-- Opening Marker --

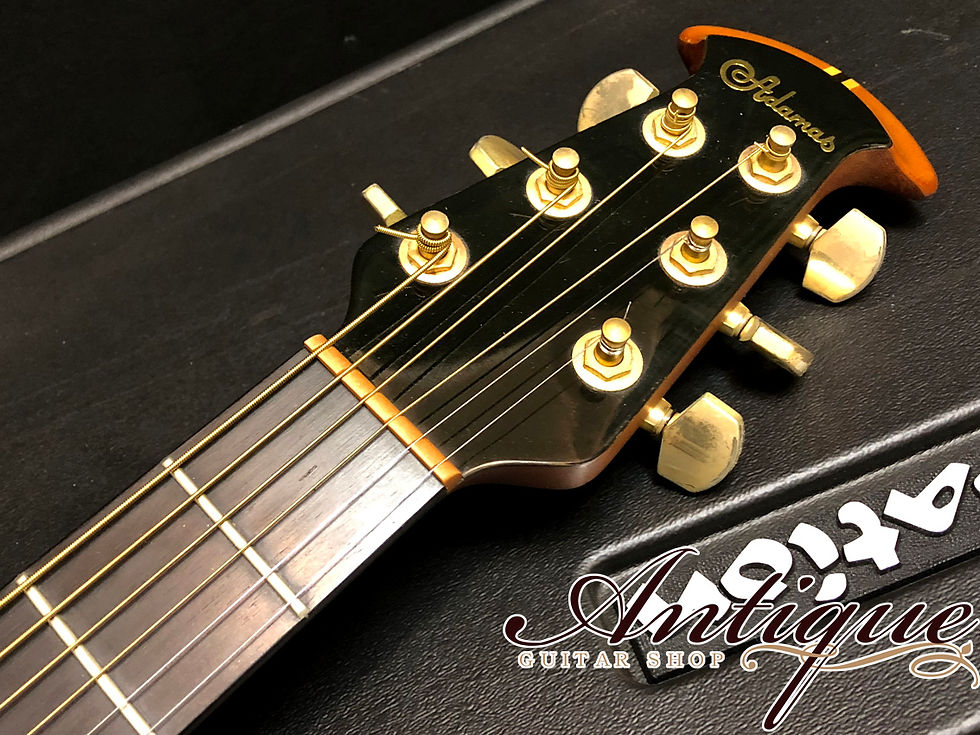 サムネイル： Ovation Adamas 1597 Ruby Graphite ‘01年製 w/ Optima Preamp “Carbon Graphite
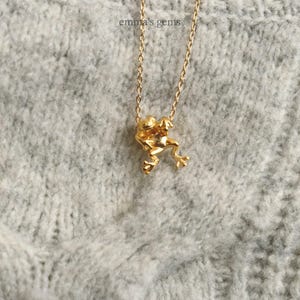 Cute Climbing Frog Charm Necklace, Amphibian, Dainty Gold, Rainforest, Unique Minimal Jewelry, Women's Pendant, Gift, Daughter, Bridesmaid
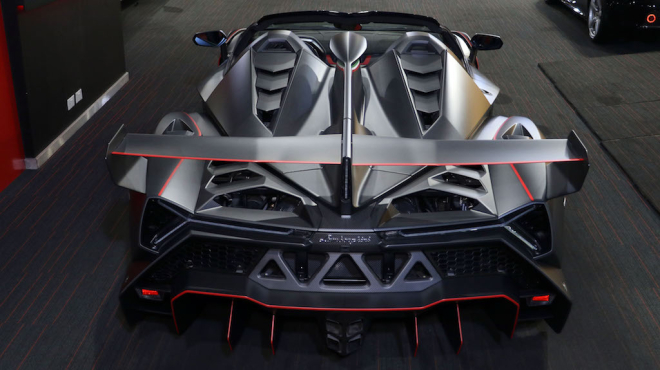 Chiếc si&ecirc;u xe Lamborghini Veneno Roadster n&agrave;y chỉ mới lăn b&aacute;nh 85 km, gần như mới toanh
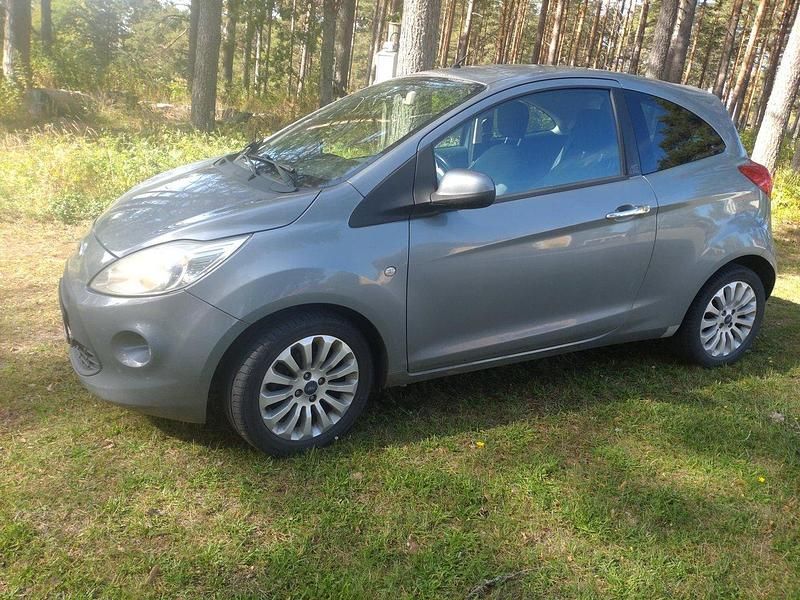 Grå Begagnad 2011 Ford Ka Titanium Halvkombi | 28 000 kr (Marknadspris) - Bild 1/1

-- Closing Marker --

TASK DIRECTIONS: Repeat every line of the data above exactly, but drop the pictures.

SOLUTION TO THE EXERCISE:
 サムネイル： Ovation Adamas 1597 Ruby Graphite ‘01年製 w/ Optima Preamp “Carbon Graphite
 Cute Climbing Frog Charm Necklace, Amphibian, Dainty Gold, Rainforest, Unique Minimal Jewelry, Women's Pendant, Gift, Daughter, Bridesmaid
 Chiếc si&ecirc;u xe Lamborghini Veneno Roadster n&agrave;y chỉ mới lăn b&aacute;nh 85 km, gần như mới toanh
 Grå Begagnad 2011 Ford Ka Titanium Halvkombi | 28 000 kr (Marknadspris) - Bild 1/1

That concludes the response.